It’s a rare business that needs an employment contract for every employee. But it can save you time, money and legal aggravation if you know which employees should be under contract and which shouldn’t.
And the best way to decide when to use a contract is to consider its advantages and disadvantages and how they apply to each employee in your organization.
- If you want control over the employee’s ability to leave your business. For example, if finding or training a replacement will be costly or time consuming for your company, you might want a written contract to lock the employee into a specific period. Or it can require the employee to give you enough notice to find and train a suitable replacement
- If the employee will be learning confidential and sensitive information about your business.
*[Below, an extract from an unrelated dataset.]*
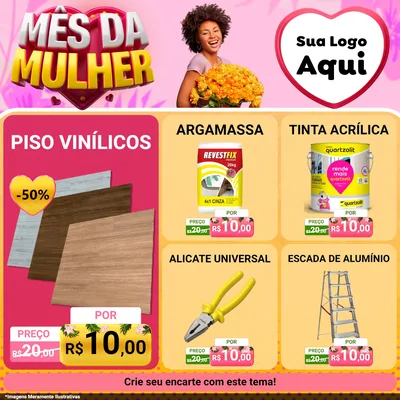 Modelo de Rede Social para Feed Facebook com o tema Mês da Mulher para Material para Construção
You can insert confidentiality clauses that prevent the employee from disclosing the information or using it for personal gain. (Some companies insert noncompete clauses in the contract, too, but they’re tough to enforce.)
- If you want to entice a highly skilled individual to come work for your company. By promising the individual job security and beneficial terms in an employment contract, you can guarantee the promise and help seal the deal.
- If you want a greater level of control over the employee. For example, if the contract specifies standards for the employee’s performance and grounds for termination, you may have an easier time terminating an employee who doesn’t live up to your standards.
- Limited flexibility. Remember, the contract binds the employee and the employer. What if you later decide that you don’t like the contract terms and want to get out of them, or the needs of your business change? In those circumstances, if you want to change the contract terms, you’ll have to renegotiate the contract.
- Special legal requirements. Employment contracts bring with them a special legal obligation to deal fairly with the employee. In legal terms, this is called the “covenant of good faith and fair dealing.” If you end up treating the employee in a way that seems unfair, you may be legally responsible not only for violating the contract, but also for breaching your duty to act in good faith.